Photo credit Kim M

Five weeks ago, we all bemoaned the G Train closure and the anxious questions that came along with it: How are we going to get around? Will that damn Ferry be up and running? Where the hell did I put the air pump for my bike tires? After an August of shuttle buses, long lines, and traffic, all the bitching has come to an end. The G train is finally restored.

When Sandy hit we all knew it was going to be bad for our subway tunnels. Millions of salt water and copper wires made fore a corrosive mess; our G line was one of the hardest hit tunnels in the system. So while we were being shepherded over the Pulsaki Bridge and down Manhattan Ave in air-conditioned shuttle buses, which some seemed to prefer,  crews of MTA workers repaired tracks and switches. The whopping total for fast track repairs in a post-Sandy NYC came out $80 million dollars.
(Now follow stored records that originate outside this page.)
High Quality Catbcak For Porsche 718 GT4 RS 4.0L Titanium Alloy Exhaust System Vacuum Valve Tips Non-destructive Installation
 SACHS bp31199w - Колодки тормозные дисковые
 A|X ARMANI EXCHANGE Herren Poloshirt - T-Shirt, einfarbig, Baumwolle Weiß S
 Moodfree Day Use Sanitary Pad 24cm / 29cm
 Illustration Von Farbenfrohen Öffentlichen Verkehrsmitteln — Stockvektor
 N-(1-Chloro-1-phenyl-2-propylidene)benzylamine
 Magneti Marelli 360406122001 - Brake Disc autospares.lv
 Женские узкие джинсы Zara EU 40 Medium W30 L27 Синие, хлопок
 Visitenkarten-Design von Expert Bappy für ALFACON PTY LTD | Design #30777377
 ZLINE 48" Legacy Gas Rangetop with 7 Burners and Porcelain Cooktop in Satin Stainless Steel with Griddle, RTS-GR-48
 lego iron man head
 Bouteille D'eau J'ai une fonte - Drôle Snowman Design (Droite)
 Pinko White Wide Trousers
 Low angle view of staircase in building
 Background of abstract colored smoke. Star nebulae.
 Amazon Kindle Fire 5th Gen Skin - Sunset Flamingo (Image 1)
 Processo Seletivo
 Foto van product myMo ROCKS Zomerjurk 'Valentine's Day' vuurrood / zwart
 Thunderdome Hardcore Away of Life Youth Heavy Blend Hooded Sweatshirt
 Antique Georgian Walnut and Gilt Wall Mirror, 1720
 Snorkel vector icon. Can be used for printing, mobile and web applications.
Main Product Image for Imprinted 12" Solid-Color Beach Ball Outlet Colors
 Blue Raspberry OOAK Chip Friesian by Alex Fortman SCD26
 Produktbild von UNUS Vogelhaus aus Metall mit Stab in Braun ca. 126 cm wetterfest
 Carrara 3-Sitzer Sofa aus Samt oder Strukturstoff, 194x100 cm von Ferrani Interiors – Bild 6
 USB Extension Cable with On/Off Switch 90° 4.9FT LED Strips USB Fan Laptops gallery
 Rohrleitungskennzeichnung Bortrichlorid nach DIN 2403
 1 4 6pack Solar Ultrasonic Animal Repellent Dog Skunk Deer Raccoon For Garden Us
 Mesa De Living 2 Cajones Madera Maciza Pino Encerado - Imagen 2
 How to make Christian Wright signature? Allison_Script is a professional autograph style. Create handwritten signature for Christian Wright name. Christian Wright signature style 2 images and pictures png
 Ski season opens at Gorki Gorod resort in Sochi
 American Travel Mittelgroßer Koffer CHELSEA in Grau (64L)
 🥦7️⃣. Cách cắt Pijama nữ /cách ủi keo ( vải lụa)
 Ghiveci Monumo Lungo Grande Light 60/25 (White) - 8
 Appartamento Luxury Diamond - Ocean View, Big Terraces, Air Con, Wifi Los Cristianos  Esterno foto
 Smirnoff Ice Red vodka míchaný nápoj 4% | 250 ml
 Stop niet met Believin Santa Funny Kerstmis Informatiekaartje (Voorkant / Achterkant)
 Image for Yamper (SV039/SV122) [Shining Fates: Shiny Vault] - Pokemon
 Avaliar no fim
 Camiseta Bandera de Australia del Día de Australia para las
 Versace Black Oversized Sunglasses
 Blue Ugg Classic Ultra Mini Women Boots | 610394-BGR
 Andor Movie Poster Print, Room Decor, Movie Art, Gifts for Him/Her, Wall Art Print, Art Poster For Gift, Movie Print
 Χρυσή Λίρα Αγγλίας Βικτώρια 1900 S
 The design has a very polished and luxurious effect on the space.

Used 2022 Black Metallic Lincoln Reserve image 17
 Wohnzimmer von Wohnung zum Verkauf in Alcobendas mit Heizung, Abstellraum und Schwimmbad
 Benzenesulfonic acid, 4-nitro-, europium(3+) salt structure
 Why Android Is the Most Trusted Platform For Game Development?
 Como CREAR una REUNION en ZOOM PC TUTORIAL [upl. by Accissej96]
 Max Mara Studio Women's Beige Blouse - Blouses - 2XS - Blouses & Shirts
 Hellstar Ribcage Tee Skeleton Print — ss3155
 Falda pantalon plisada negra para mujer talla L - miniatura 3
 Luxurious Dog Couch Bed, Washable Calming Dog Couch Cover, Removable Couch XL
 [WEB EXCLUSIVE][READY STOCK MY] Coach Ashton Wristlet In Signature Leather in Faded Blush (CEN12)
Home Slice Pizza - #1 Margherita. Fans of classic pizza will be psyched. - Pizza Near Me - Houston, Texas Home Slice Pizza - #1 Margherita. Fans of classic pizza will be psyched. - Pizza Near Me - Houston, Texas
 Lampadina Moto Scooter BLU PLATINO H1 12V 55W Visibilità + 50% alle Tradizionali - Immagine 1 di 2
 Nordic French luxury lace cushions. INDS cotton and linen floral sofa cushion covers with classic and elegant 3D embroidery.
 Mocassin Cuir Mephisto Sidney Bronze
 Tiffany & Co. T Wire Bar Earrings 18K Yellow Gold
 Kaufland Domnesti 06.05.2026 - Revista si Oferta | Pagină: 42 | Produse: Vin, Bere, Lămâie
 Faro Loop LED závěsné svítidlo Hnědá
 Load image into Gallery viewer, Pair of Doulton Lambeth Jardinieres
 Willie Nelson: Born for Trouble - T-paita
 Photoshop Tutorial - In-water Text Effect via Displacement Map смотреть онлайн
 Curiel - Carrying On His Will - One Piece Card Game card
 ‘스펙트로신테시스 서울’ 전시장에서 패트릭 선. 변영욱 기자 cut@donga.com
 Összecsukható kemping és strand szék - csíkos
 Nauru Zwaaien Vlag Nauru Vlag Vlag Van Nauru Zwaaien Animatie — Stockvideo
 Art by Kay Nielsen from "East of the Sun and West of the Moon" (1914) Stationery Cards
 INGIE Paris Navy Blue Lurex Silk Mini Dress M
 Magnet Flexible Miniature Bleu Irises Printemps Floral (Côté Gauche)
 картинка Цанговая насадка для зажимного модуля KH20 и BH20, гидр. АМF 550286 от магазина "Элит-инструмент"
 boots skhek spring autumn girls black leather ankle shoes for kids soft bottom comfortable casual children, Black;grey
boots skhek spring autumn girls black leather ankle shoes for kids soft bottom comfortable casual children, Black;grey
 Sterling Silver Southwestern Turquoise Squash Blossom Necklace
So while we welcome the return of the our green G, those who got used to the free transfers to JMZ might want to link up the transportation activist group, the Riders Alliance. and urge elected officials to keep the transfers free. Keeping walking transfers free like the one used on F line at 63rd St Street would allow Greenpointers to gain better access to the city on a single fare. As it stands now, G train commuters make twice as many transfers than most New Yorkers. The free transfer is backed by Senator Squadron who says, “When you add up the case for G train, [a free transfer] it was good enough for the MTA over these five weeks and I think it should be good enough permanently.”

Considering the popularity increase of the G train  prompting a 25% increase in train service, and no plans to address the thousands more which will be moving into the hood if the developers have it their way,  a permanent free transfer is something most Greenpointers will say is well deserved.